▶ What needs to be done
Within the listing below, give again exactly the lines between the one containing "Used Volkswagen Transporter" and the one containing "Perfume marc jacobs", inclusive, pictures left aside.

▶ Information shown

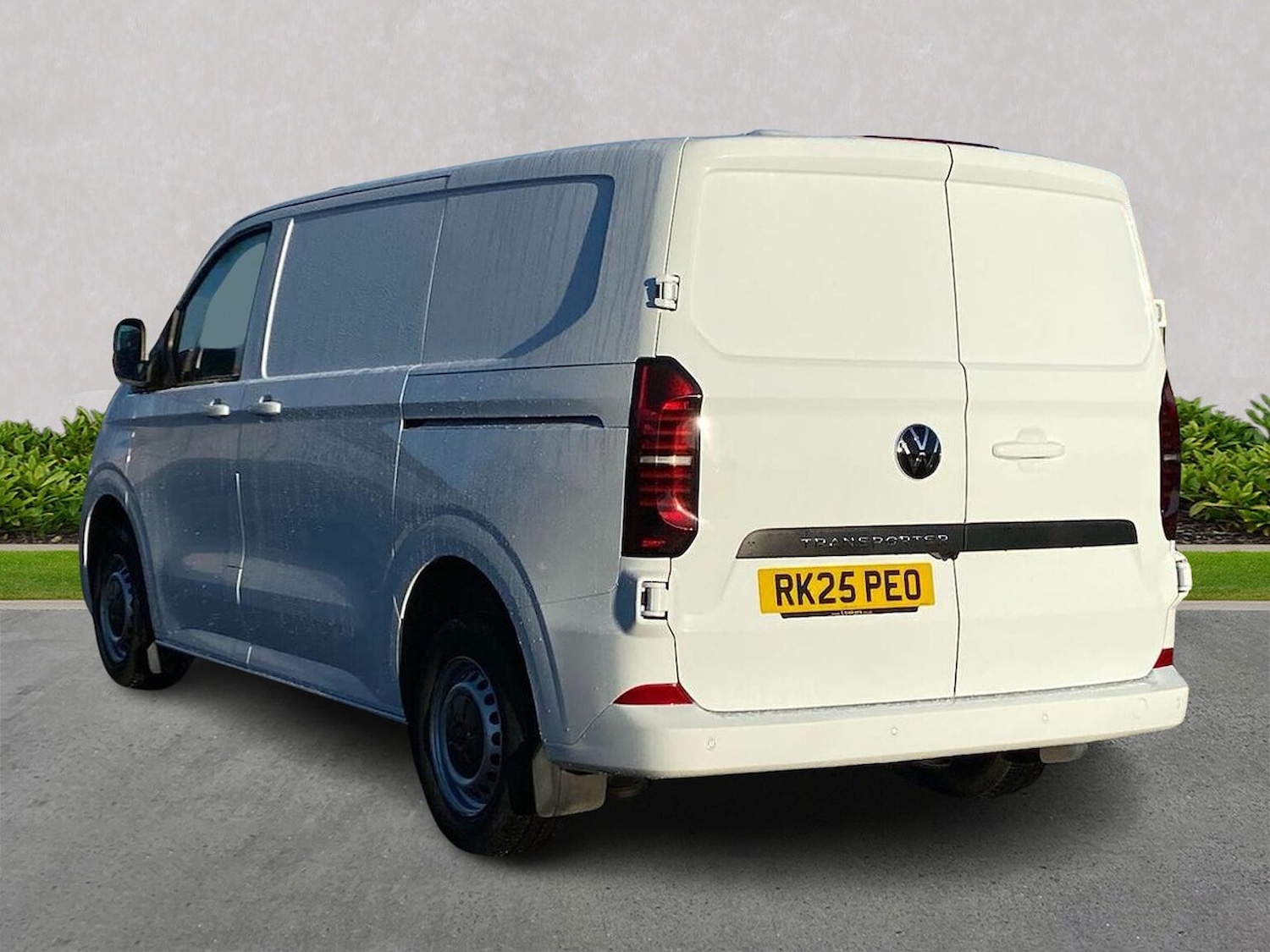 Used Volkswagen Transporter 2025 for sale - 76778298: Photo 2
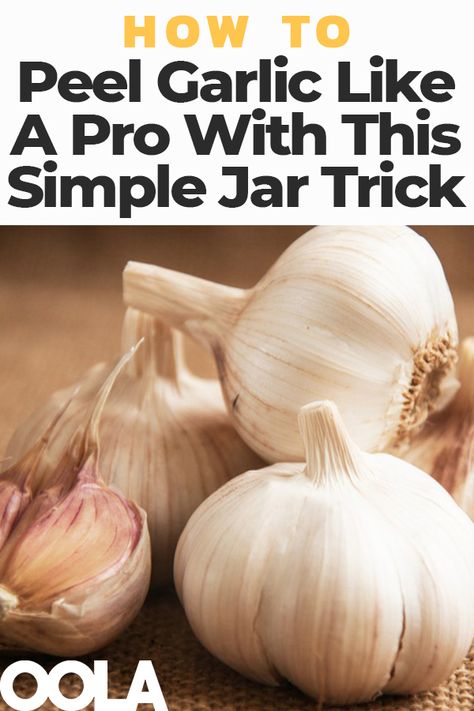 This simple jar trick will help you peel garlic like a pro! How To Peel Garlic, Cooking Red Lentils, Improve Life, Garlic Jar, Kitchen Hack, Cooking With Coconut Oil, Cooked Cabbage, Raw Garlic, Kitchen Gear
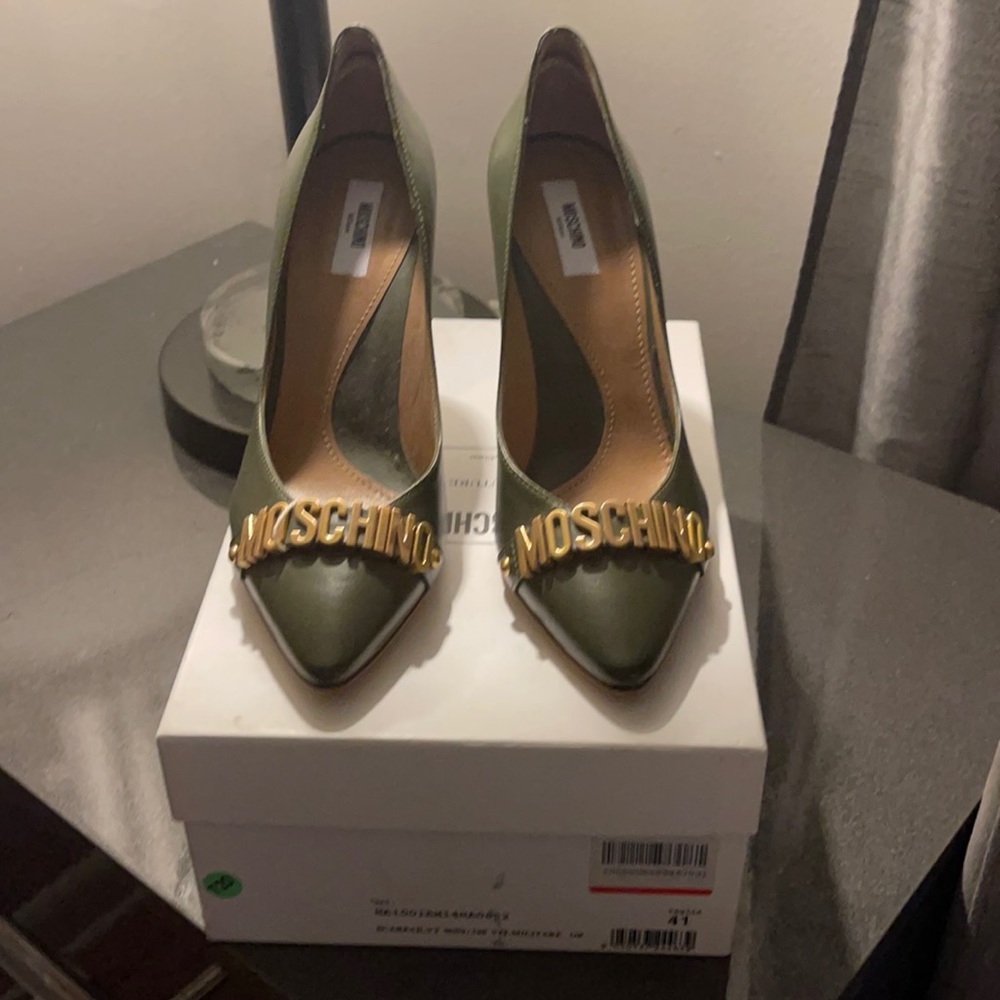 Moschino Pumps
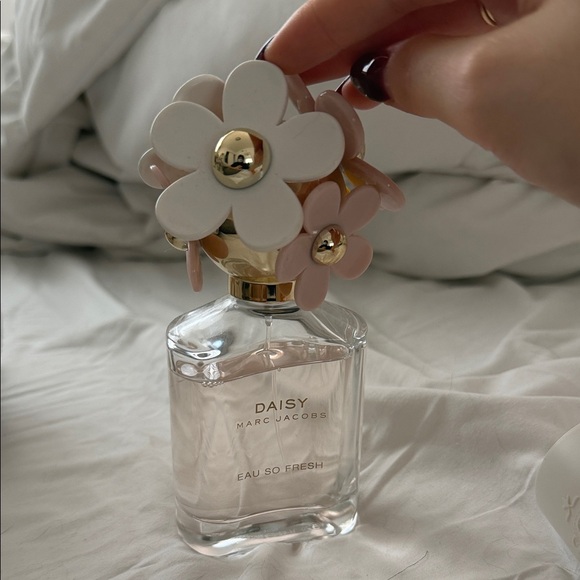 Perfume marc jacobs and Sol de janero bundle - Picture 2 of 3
* * *
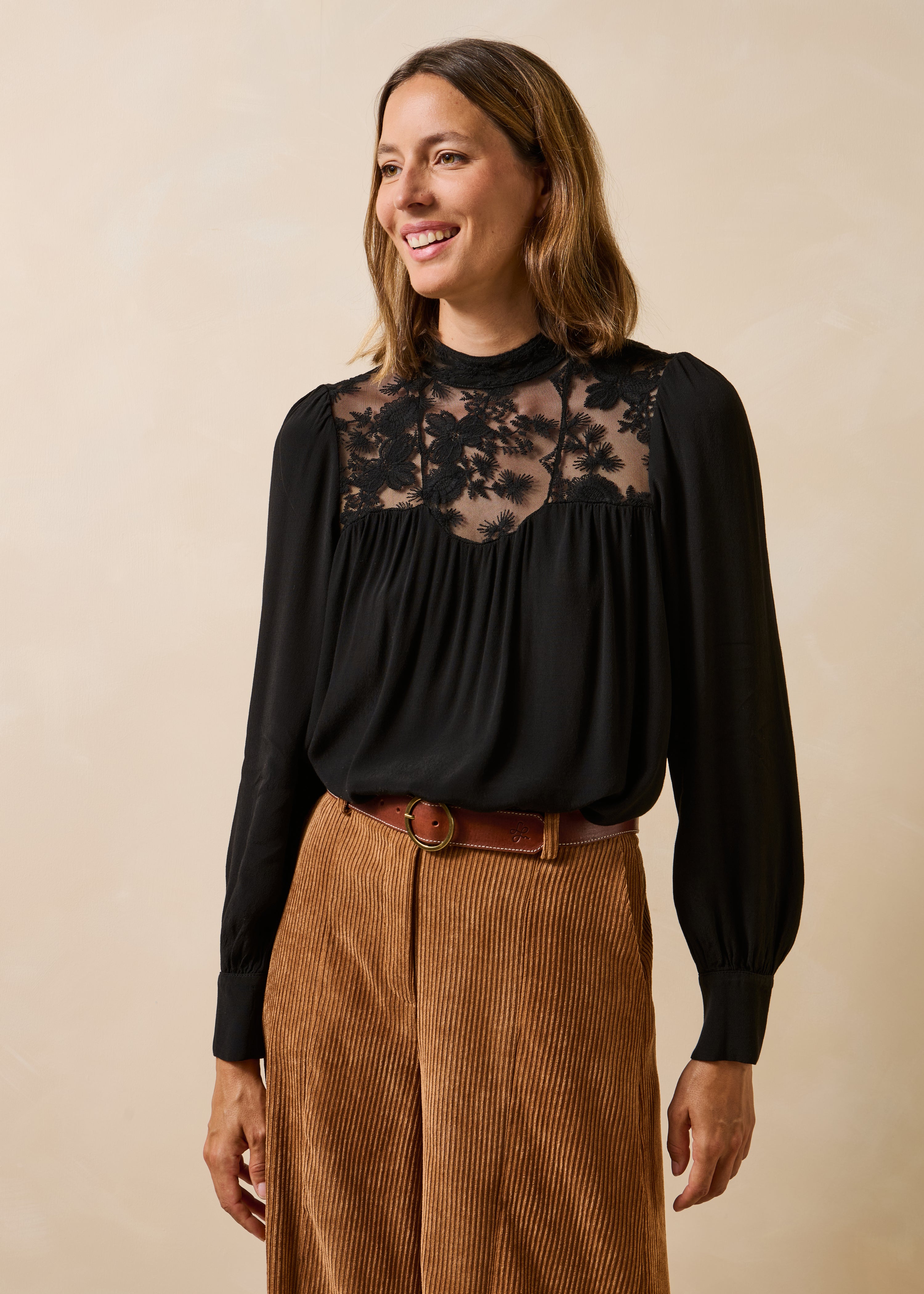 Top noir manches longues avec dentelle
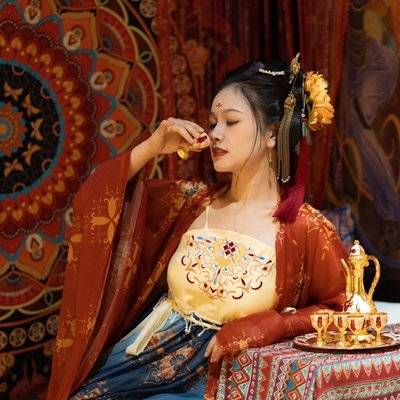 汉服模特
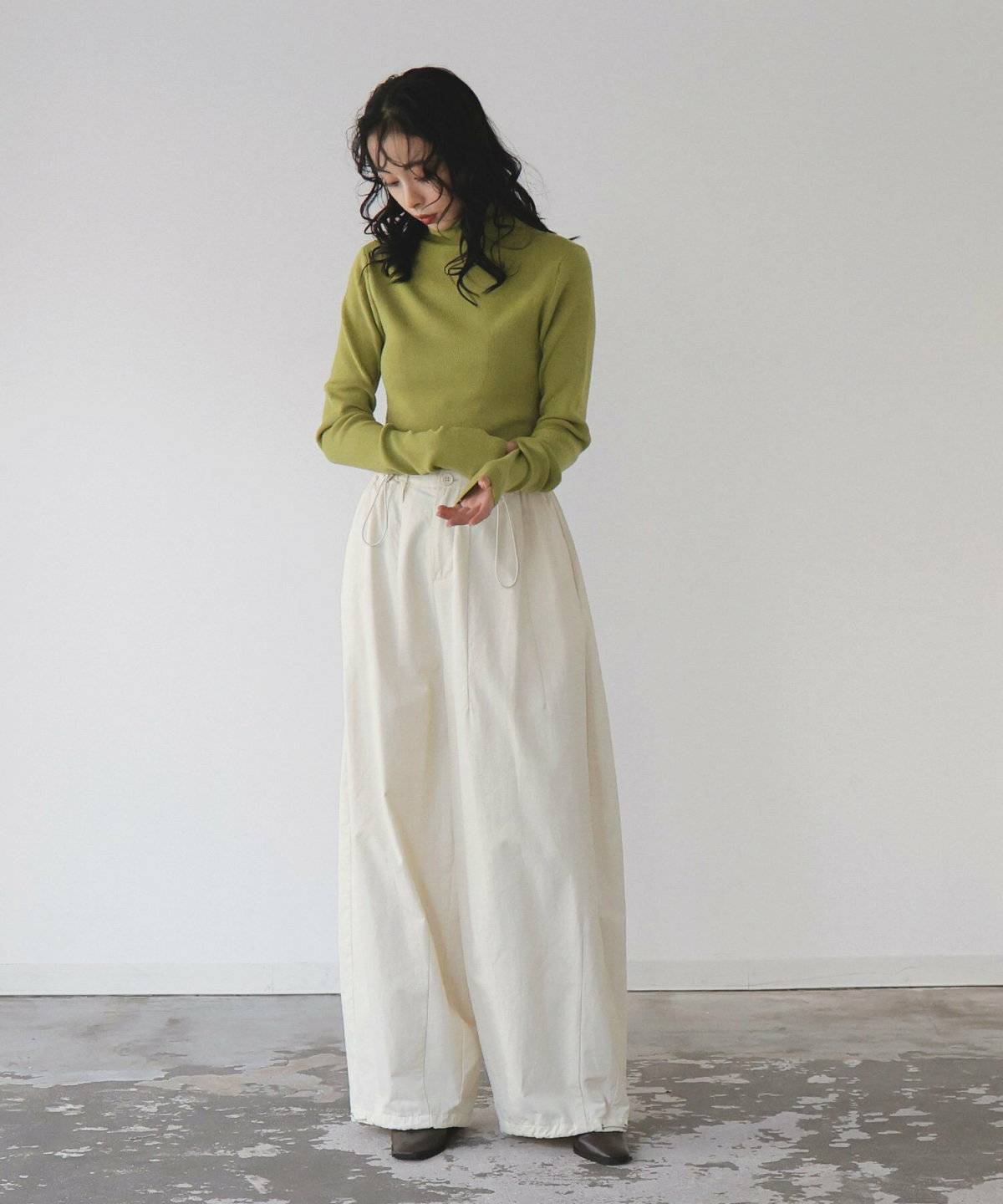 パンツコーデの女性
==
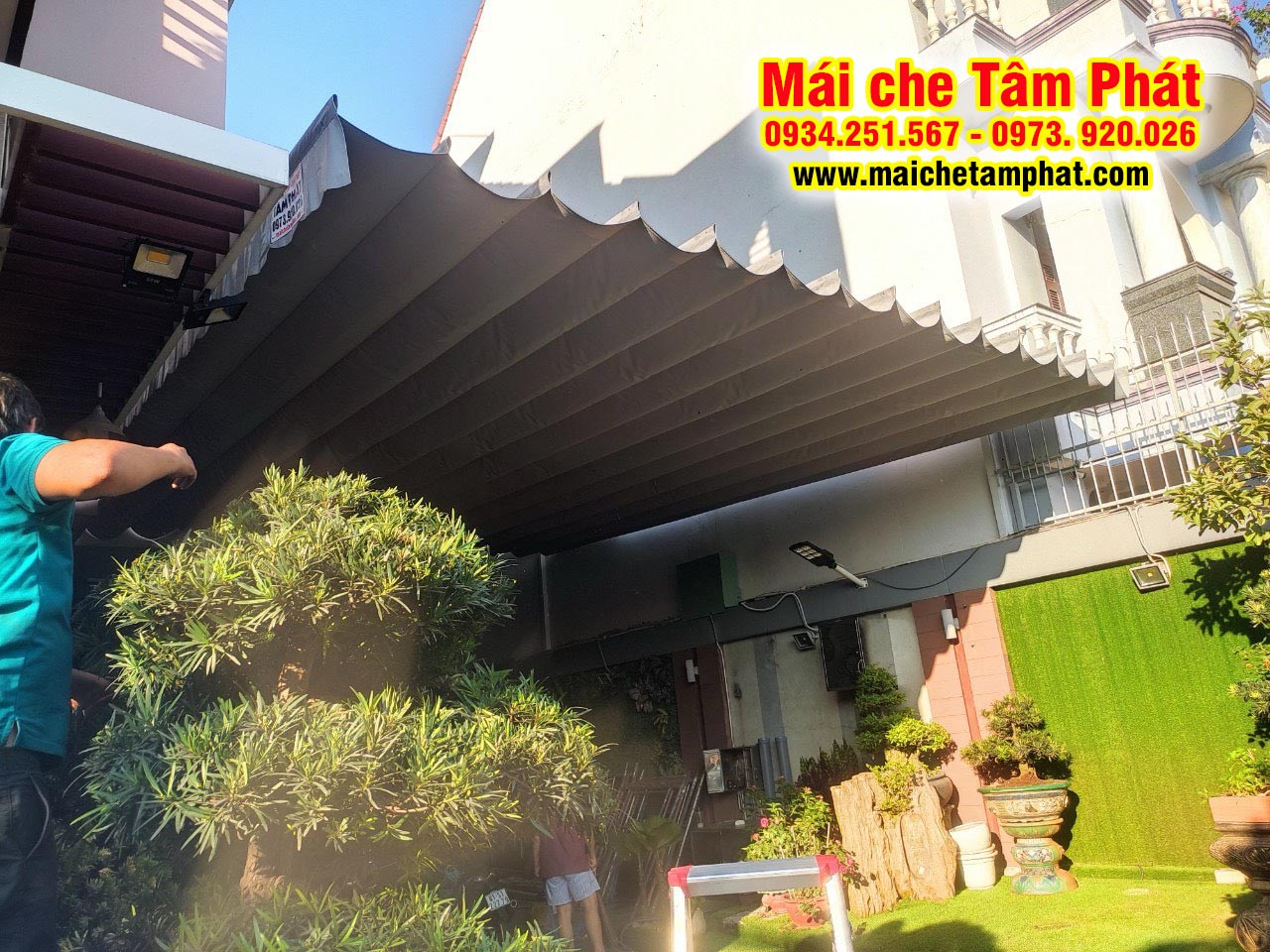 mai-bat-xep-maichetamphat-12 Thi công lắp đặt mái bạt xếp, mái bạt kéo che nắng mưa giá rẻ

▶ Task response
 Used Volkswagen Transporter 2025 for sale - 76778298: Photo 2
 This simple jar trick will help you peel garlic like a pro! How To Peel Garlic, Cooking Red Lentils, Improve Life, Garlic Jar, Kitchen Hack, Cooking With Coconut Oil, Cooked Cabbage, Raw Garlic, Kitchen Gear
 Moschino Pumps
 Perfume marc jacobs and Sol de janero bundle - Picture 2 of 3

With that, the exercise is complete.